Social IssuesEnvironment

  • Author David Bunch
  • Published October 12, 2010
  • Word count 454

Forest devastation, and wastage by erosion is not restricted to the uplands of America. Millions of acres of formerly productive alluvial land along streams have been seriously impaired or ruined by the deposition of inert sand and gravel. Channel-ways have been choked to overflowing by sediments washed from bare slopes that never should have been cleared. Not only this, but the reservoirs of costly waterpower projects are silting up at a rapid rate, so that the power generated must depend more and more upon stream flow, without much assistance from water stored for time of drought. In various parts of the country streams that formerly were navigable have become so choked with sediment that their channels have become obliterated or split into several channels too shallow and small to carry the increased floods from the cleared uplands.

The Coldwater River of Mississippi, for example, was regularly ascended about forty years ago by boats of large size. These boats loaded cotton at the town of Coldwater. Now mudflats and sandbars keep riverboats from this stream. A large, productive cotton plantation just below Coldwater has been abandoned, and the fields are grown over with thickets of willow and cottonwood. In our farming operations we have made use of lands too steep for cultivation, with little or no regard for what would happen to the soil under the influence of beating rainstorms.

Some well-known types of soil, such as the Cecil clay loam of the Piedmont, the Memphis silt loams of the Missouri and lower Mississippi Valleys, and the Cincinnati silt loam of the belt of hills bordering the Ohio River, are so susceptible to erosion that these lands gully, or even melt away like sugar when, on slopes of only moderate steepness, they are used for the inter-tilled crops. Notwithstanding this common knowledge, practically all of these lands have been cleared and put into cultivation, with no terraces to protect them from erosion, except in the southern Piedmont section. As a result thousands of farms have been cut to pieces by gullies, and have been shorn of the fertile topsoil by sheet erosion.

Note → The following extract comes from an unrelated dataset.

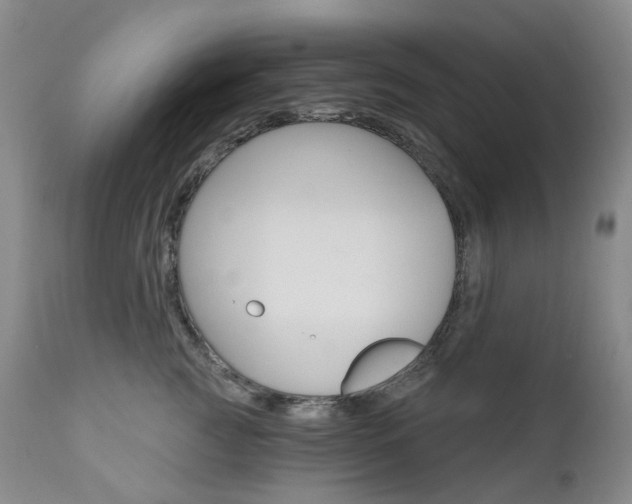 X0000111020761200906191230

In the central part of the Appalachian system a survey showed that fifty per cent of all the cleared land had been seriously damaged by erosion. In some fields where the stumps of the removed forest had not completely disappeared the surface soil had been washed off and "poverty grass" was driving out the more valuable bluegrass. On the steeper slopes of the older fields, now abandoned, practically all of the soil had been removed down to bed rock, even where the virgin soil averaged nearly eighteen inches in depth, as a few remaining patches of the original timber showed it once had.